As soon as you get a negative PCR test or rapid lateral flow test. This pass will last 48 hours, starting from when the test has been taken.

If you tested positive for COVID-19 within the last six months, you can get your pass as soon as you have finished the self-isolation period and up to 180 days after taking the test.

Alternatively, people can call 119 to request an NHS Covid Pass letter sent in the post. This will only show vaccination status and has no expiry date on it.

Where will I need the NHS Covid Pass?

The government has not made the pass a legal requirement, meaning that venues are not mandated to enforce them.

Nightclubs will be one of the industries that has been recommended to use the Pass, along with other large-scale events.

These may include football games and music festivals.

There are mixed feelings among students regarding the introduction of the NHS Covid Pass (Credit: Héctor García)

Sam Hart, 19, a third-year NTU Politics and International Relations student said that they were unfair.

When asked if the pass should be introduced he said: “I don’t think they should be introduced as of yet.

“The amount of young people who aren’t single or fully vaccinated is still high and they make up the majority of the guests.

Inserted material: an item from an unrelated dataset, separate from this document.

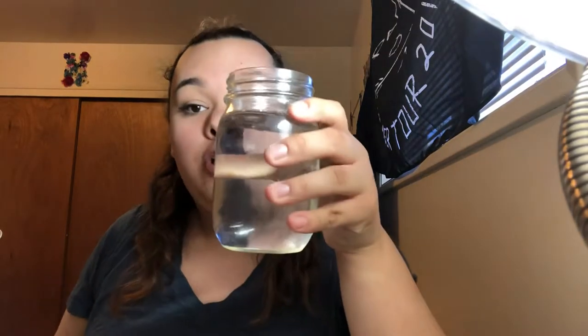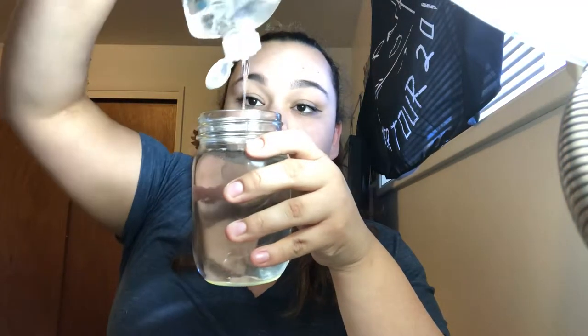You will have the lid on it, but still you don't want to have a full jar. So then what you're going to do next is squirt some dish soap into your jar — just a little bit, not too much. You don't need to go crazy with the dish soap. A little bit will do just fine.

“However, around autumn time they should be introduced because there would be little excuse for not having a vaccine by then and would therefore be fairer.”

Sam also added that the circumstances to get a pass are unfair at the moment, especially for younger people.

Ben Kirk, 20, a third-year NTU Biological Sciences student said that excluding people who cannot have the vaccine because of medical reasons would be wrong, but for the majority of people having proof of vaccination is not new.

“It’s free to have the vaccine, so there isn’t any reason for the majority of people not to get it.

“If it’s what it takes to stop the spread of the virus in our country and keep people safe then perhaps it is a good idea.

“It sounds straightforward to get a pass.

“You can order free tests online which are almost always delivered the next day to have at home.”

Neither Sam nor Ben are planning to go back out next week when England’s final step of the roadmap to freedom is set to come into force.

Georgia Nolan, 20, a third-year NTU Psychology student said that she thinks it would be a good idea initially, as it lowers the risk of the virus spread while large-scale events are resumed.

However, she thinks that the pass is not the best solution in the long run.

She said: “I think it’s fair, however, getting a Pass feels like a lengthy process.”